Device Maker Vows New Ethical Practices

In what may be an effort to head off legislation, Zimmer announced new rules covering its relationships with docs, specifically, payments for consulting, gift giving and medical education funding. The move comes not long after

a Senate bill was introduced that would require drug and device makers to disclose anything of value given to docs and several months after Zimmer agreed to pay nearly $170 million to settle kickback charges filed by the federal government.

The refined compliance model is designed to aggressively reduce potential or perceived conflicts of interest inherent in consulting relationships between the industry and healthcare professionals...The model includes fundamental changes in the areas of product development, marketing, surgeon training, educational and charitable funding, and transparency, Zimmer says in a statement.

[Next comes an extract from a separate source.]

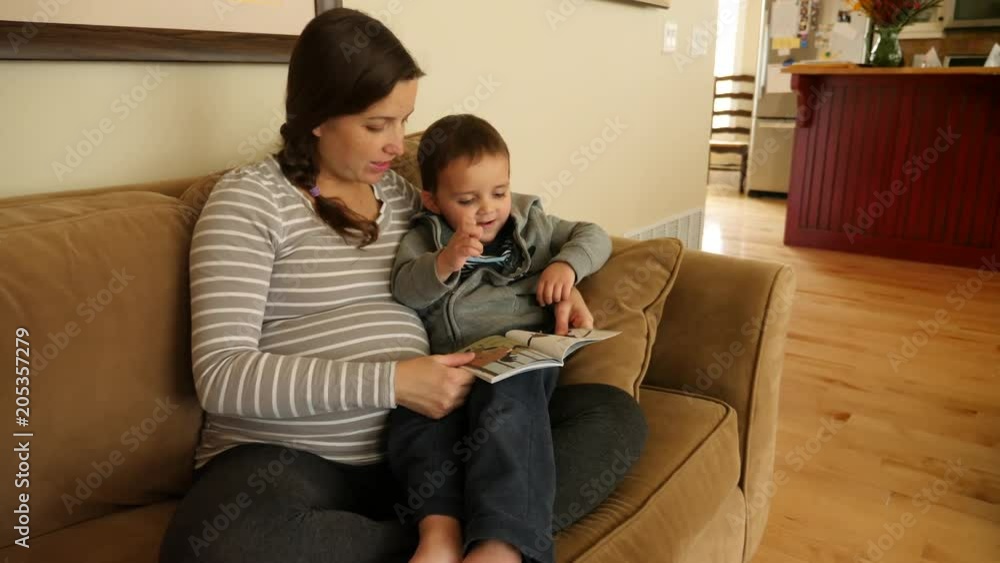 A pregnant mother reading a book with her toddler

For instance, there will be new internal firewalls to prevent sales, distribution and other marketing teams from having any involvement with physician consultant agreements, services or payments. And Zimmer is banning all gifts to healthcare professionals, prohibiting Zimmer-sponsored healthcare professional presentations at medical society events, and will eliminate the use of quotations, endorsements, images and product-branding by healthcare professionals, other than scientific literature references. The device maker will also no longer use docs to train and educate on products for which they may receive royalty-based compensation connected to sales of the products.

“We have taken our obligations under these resolution agreements extremely seriously and have now embraced the opportunity to move beyond their requirements to create a more sustainable model for the growth of our business over the long-term,” Dave Dvorak, Zimmer's ceo, says in the statement.

Hat tip to the WSJ Health blog

6 Comments

Apr 18, 2008 - 5:09pm

And politians say other encouraging things similiar to this, and break thier commitments. What is done is more important that what is said. Get real- ethics over profit opportunities obtained by the wrong ways, and rationalizing thier actions as being innovative. New category in the next DSM: Corporate unreality or something, possibly.

Apr 18, 2008 - 7:58pm

Word, words, words...

Apr 19, 2008 - 12:10am

In addition, I believe any corporation lacks the concept or the ability to demonstrate authentic ethical behavior and if it may somehow be attempted by them,likely the activity of a stance opposed to profit may nauseate them, so it would be short lived.

Apr 20, 2008 - 10:21pm

Good for Zimmer. Except that they and other device makers have been engaging in practices that make pharma companies look like saints.

1) It was time for device companies to get the attention they needed 2) These moves by Zimmer are good, but not that different or creative 3) When are doctors going to be on the hook?

Transparency and reducing ethical conflicts are great. But, what is needed is a substantial drop in price. In most other industries, product improvements lead to economy of scale and improved efficiency. Why not in implants? Because the companies are selling to the surgeon, and not the consumer. Is it not time that we engage the patient in the cost equation of what is going to be implanted in their body? We spend enough in health care, but not wisely. Make the market place work.